1998年12月アーカイブ

セックスと戦争

戦争が一時間前に起きました。アメリカとイギリスがイラクを攻撃してるよ。理由は、フセイン(イラク)が大量殺人兵器の検査に承諾しなかったからなんだって。でも、本当の理由は違うんだよ。この戦争はクリントンが自分を助けるために起こしたんだよ、きっと。

クリントンは現在、不倫疑惑に嘘をついたことでアメリカで告発されようとしています。明日が告発するかしないかを国会で決める日です。戦争を起こせば、国民の人気が上がります。「頼りになる大統領」のイメージが出来ます。クリントンは自分の政治生命を守るために戦争を起こしました。そのために何人の罪のない人たちが死んじゃうのかな?一人の人間を正当化するために何人の子どもたちがご飯を食べられなくなるのかな?

今もニュースで戦争のシーンが流れています。花火のように夜空にミサイルの光が瞬いてるよ。この光がクリスマスツリーの光だったらいいのにね…。きっと、日本は平和なんだろうな。みんな幸せですか?街はにぎわっていますか?でもね、今、たくさんの罪のない人たちが一人の人間のセックス疑惑のために死んでるんだ。なんか、悲しいね。あ、クリントンがスクリーンで言ってるよ。「私はこの攻撃について後悔している。でも、フセインを倒すにはこれしかないんだ。」あ、そうですか…。僕はあなたみたいな都合のいい人間にはならないからね。あ~、もうすぐクリスマスだよね。でも、本当にメリー・クリスマス?

一言: サンタさん、僕のプレゼントはいらないから、早く戦争を終わりにしてください。

雪が降った…。ケンブリッジは寒くなるだけで雪は降らないと聞いていたのに窓の外でふわふわと降っています。雪は5、6分で雨に変わってしまったけど、気が付けば、なぜかぼくは涙ぐんでいました。今日、嫌なことがあったんだ…。教授とのミーティングで「はっきり言って君の論文は幼稚だね。書きなおしたら?」って言われました。「幼稚…」初めて言われたよ。こんなに傷つくとは思わなかった。すごく悔しくてさ…。教授に対して怒れる気持ちがこみ上げてきた。そんな気持の中、部屋のコンピュータの前に座っていたら雪が降ってきた。まるでぼくを慰めてくれているようだった。

雪を見ながら、なぜか自然に自分のここまで足跡を振り返っていた…。12歳でアメリカに来て、英語もできないのに現地校にいったこと、高校ではアメリカの上流階級の中で自分との違いを痛感した事、大学では日本人の友達と勉強もせずにテスト前にカラオケに行ったりして遊びほうけていた事、ハーバードではよくわからんがエリートを目指した事など、いろんな思いでが浮かんできた…。そして最後に「お前はよくここまで来たね。よくがんばったね。」なんて自分を慰めていた。そして、なにか自分の中で変わった気がした。初めてアメリカに来たときの気持ちに戻れたような気がした。

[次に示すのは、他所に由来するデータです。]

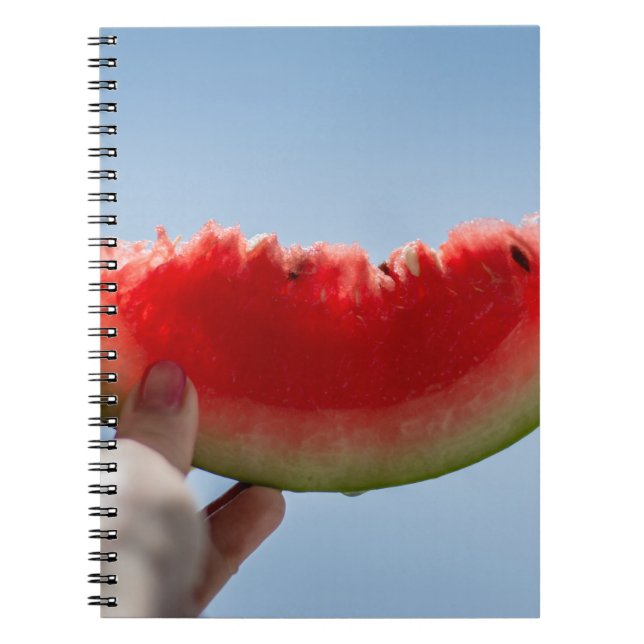 Person mit Wassermelone in Scheiben Notizblock (Vorderseite)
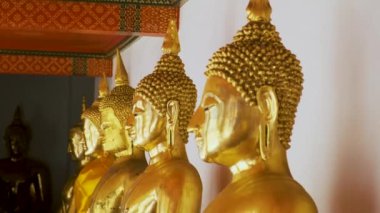 Bangkok, Tayland, Asya 'daki Wat Pho Tapınağı kompleksindeki altın Buda heykeli. Yaslanmış Buda 'nın Tapınağı. Popüler turizm simgesi.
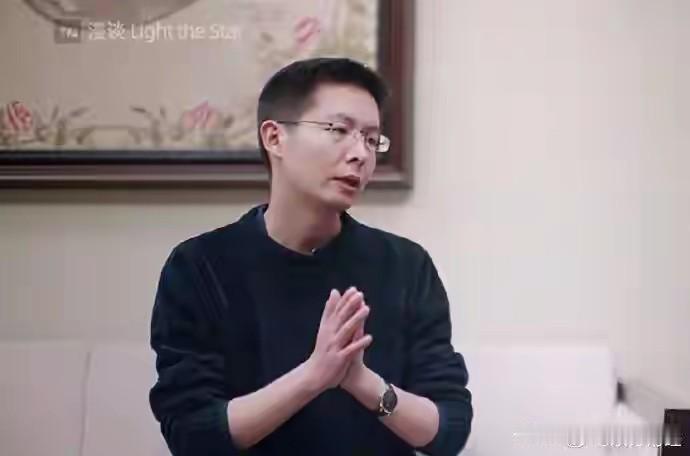 呵呵！
明年“宇树机器人”就能上初中了！🥰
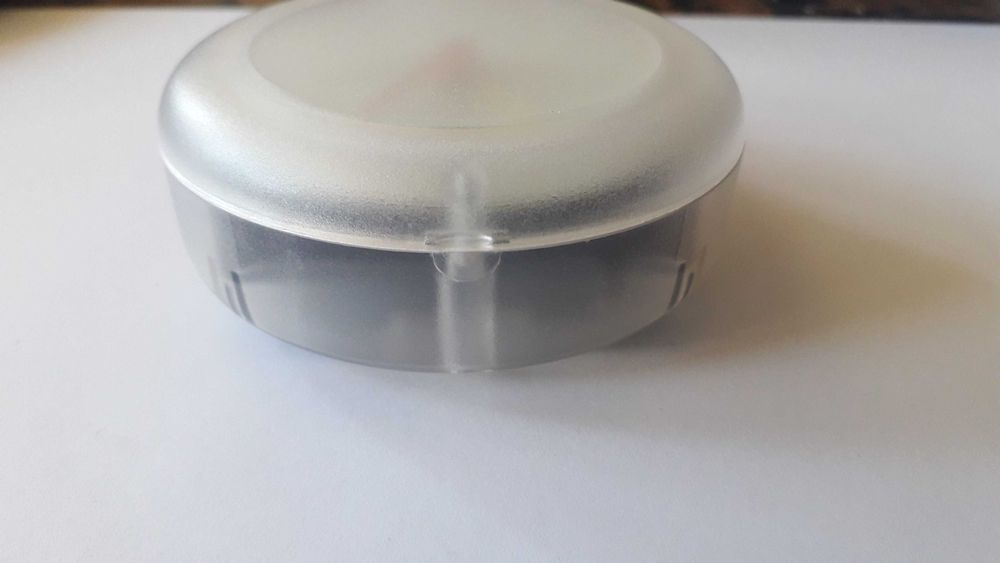 часовник будилник кварцов за маса и път уникален и красив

そしたら急に自分に腹がたってきた。教授に対して怒りを覚えた自分に…。なんか自分を偉い人と勘違いしていた自分が情けなかった。いつも、ぎりぎりのところでどろどろになりながらここまでやって来たのに、ちょっと自分の論文が認められないことで落胆していた自分のうぬぼれが悔しかった。「お前は何様のつもり?天才なの?」自分の中で繰り返した。このごろ、よくまわりの人から天才だとかすごいとか言われるようになった。そんな他人の言葉に自分を見失っていたみたいだよ。「論文が幼稚?」当たり前じゃん。ぼくがきっとここで一番未熟だろうしね。うれしいじゃん。これからもっと成長できるんだからさ。ぼくはこんなところをゴールにしたくないよ。これからもチャレンジャーでいたいんだ。

気付いたら雪はもう雨に変わっていました。ぼくは窓辺から空を見上げてつぶやきました。「ありがとう、お前のおかげで自分を取り戻せたよ。原点に戻れたよ。これからもがんばれそうだよ。」もし来年の今ごろ、雪を見ることが出来たらどんな気持ちでぼくはそれを見ているんだろうな?そう思いながらぼくはスクリーン上の「幼稚な」論文を見つめるのでした…。

一言: 悲しいときは自分の足跡を振り返ってみようよ。きっと、忘れていた何かを見つけられるから…。